Is there any way I can sample the slave data a full cycle from SPICLK driven SPISIMO, instead of the usual 1/2 cycle. So instead of (based on TRM 14-8 to show delayed slave data receive):
have this instead (modified from TRM 14-8, receive sample point shifted only):
Regards, Tony.
Sorry Tony,
We don't have support for this clocking mode option in the SPI; just the typical four modes.
You might need to use two SPI ports configured differently - each in a 'unidirectional' mode (from board standpoint).*
Depending on what type of device is on the other side of your isolation chip there may be some other options to consider, but simple answer is the SPI doesn't have the mode you're asking about.
Best Regards,
Anthony
* I say from a board standpoint, because I believe with the SPI on these products if you don't enable at least the SPI SIMO, SOMI and CLK pins as SPI function rather than GPIO function, then no transmision will occur.
Thanks Anthony.
The device on the other side of the digital isolator is another TMS570!

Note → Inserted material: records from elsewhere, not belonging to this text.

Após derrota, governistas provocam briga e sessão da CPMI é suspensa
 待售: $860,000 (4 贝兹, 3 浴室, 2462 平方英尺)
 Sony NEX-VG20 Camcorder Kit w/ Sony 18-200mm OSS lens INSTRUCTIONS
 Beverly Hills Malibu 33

We have found a higher spec digital isolator with a 27ns nominal delay, and so a round trip of some 54ns delay. This seems to work reliably at SPI transmission speeds of 4MHz.
Regards, Tony.
Hi Tony,
Glad you were able to find a solution. (Hopefully it's one of TI's ISOxxx parts ;) )
Just for completeness in answering the post - If it's a 570 on the other side of the isolation then two things you might also consider could be:
1. Are you making use of the SPIENA\ pin? Would it be possible to lower the clock rate by doing so?
SPIENA\ provides a handshake signal back from the slave device that confirms its ready for the next transfer; so the master doesn't have to insert a 'worst case' delay between transfers. This might buy something in terms of clock speed reduction - although at the expense of another channel of isolator for the handshake signal.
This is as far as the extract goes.